Precise Event Spotting in Sports Videos: Solving Long-Range Dependency and Class Imbalance
Journal:
arXiv
Published Date:
Feb 28, 2025
Abstract
Precise Event Spotting (PES) aims to identify events and their class from
long, untrimmed videos, particularly in sports. The main objective of PES is to
detect the event at the exact moment it occurs. Existing methods mainly rely on
features from a large pre-trained network, which may not be ideal for the task.

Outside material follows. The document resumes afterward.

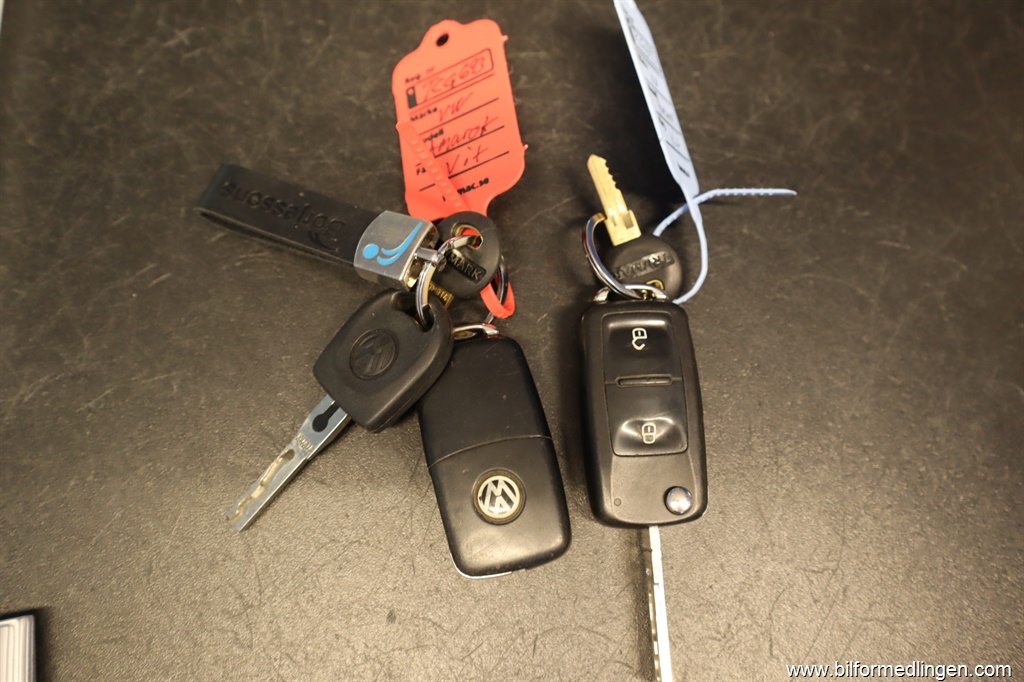 Bild 20 på Volkswagen Amarok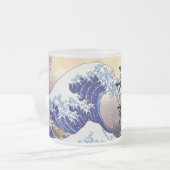 MATTHEW-Your firstname in Japanese Kanji Mattglastasse (Vorderseite Links)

Furthermore, these methods overlook the issue of imbalanced event class
distribution present in the data, negatively impacting performance in
challenging scenarios. This paper demonstrates that an appropriately designed
network, trained end-to-end, can outperform state-of-the-art (SOTA) methods.
Particularly, we propose a network with a convolutional spatial-temporal
feature extractor enhanced with our proposed Adaptive Spatio-Temporal
Refinement Module (ASTRM) and a long-range temporal module. The ASTRM enhances
the features with spatio-temporal information. Meanwhile, the long-range
temporal module helps extract global context from the data by modeling
long-range dependencies. To address the class imbalance issue, we introduce the
Soft Instance Contrastive (SoftIC) loss that promotes feature compactness and
class separation. Extensive experiments show that the proposed method is
efficient and outperforms the SOTA methods, specifically in more challenging
settings.